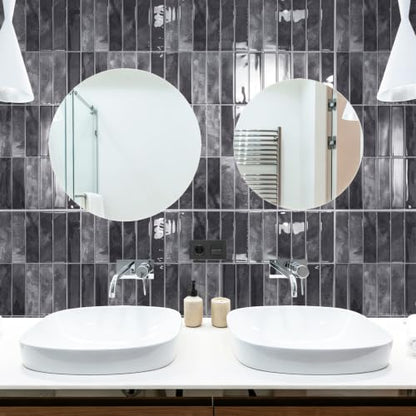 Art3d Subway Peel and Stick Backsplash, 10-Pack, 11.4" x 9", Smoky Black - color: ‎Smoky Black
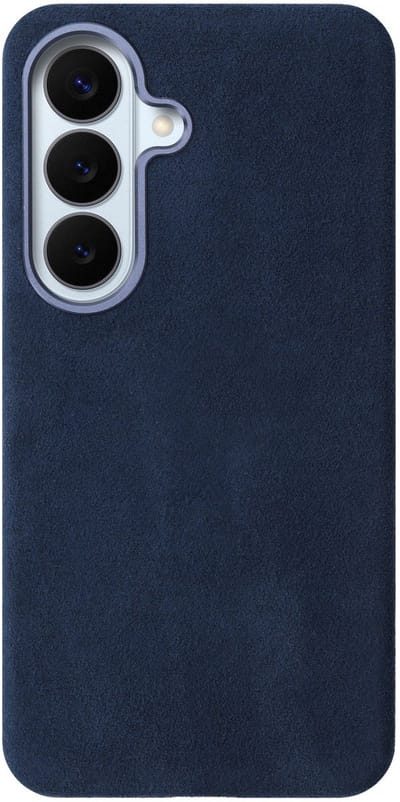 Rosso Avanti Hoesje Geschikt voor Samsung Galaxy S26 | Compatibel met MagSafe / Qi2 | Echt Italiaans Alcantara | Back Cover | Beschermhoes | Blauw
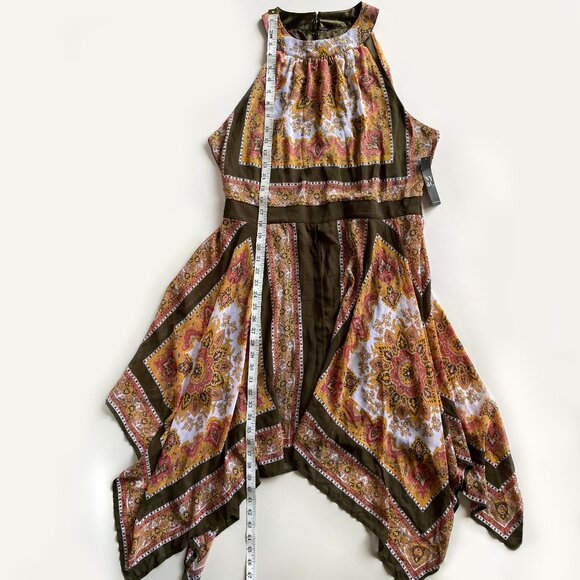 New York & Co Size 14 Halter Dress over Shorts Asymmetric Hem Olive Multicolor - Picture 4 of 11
--
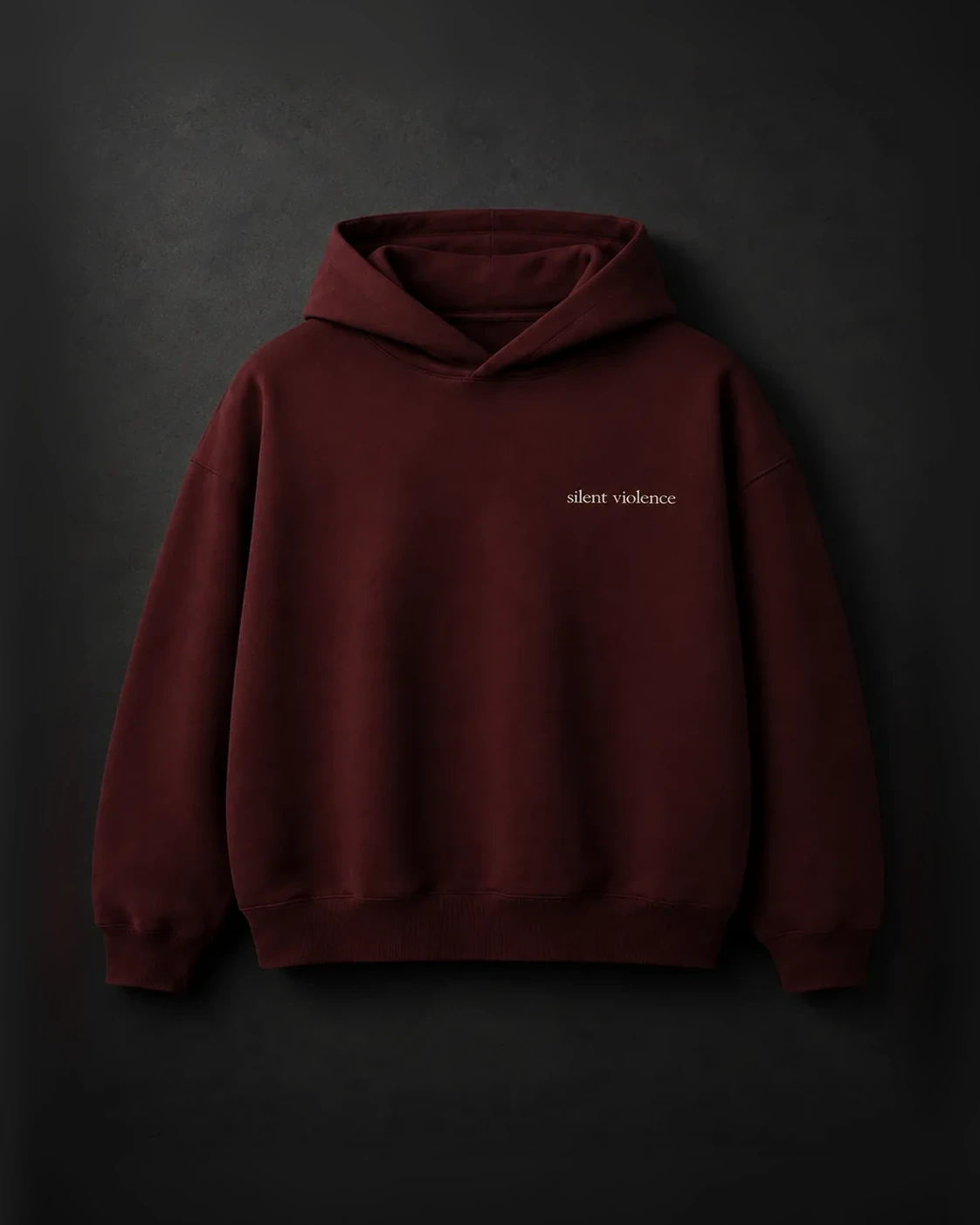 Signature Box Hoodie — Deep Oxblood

Work to be completed:
Your answer should be the lines above, word for word, from the line with "Art3d Subway Peel" through the line with "New York & Co", minus the pictures.

Answer below:
 Art3d Subway Peel and Stick Backsplash, 10-Pack, 11.4" x 9", Smoky Black - color: ‎Smoky Black
 Rosso Avanti Hoesje Geschikt voor Samsung Galaxy S26 | Compatibel met MagSafe / Qi2 | Echt Italiaans Alcantara | Back Cover | Beschermhoes | Blauw
 New York & Co Size 14 Halter Dress over Shorts Asymmetric Hem Olive Multicolor - Picture 4 of 11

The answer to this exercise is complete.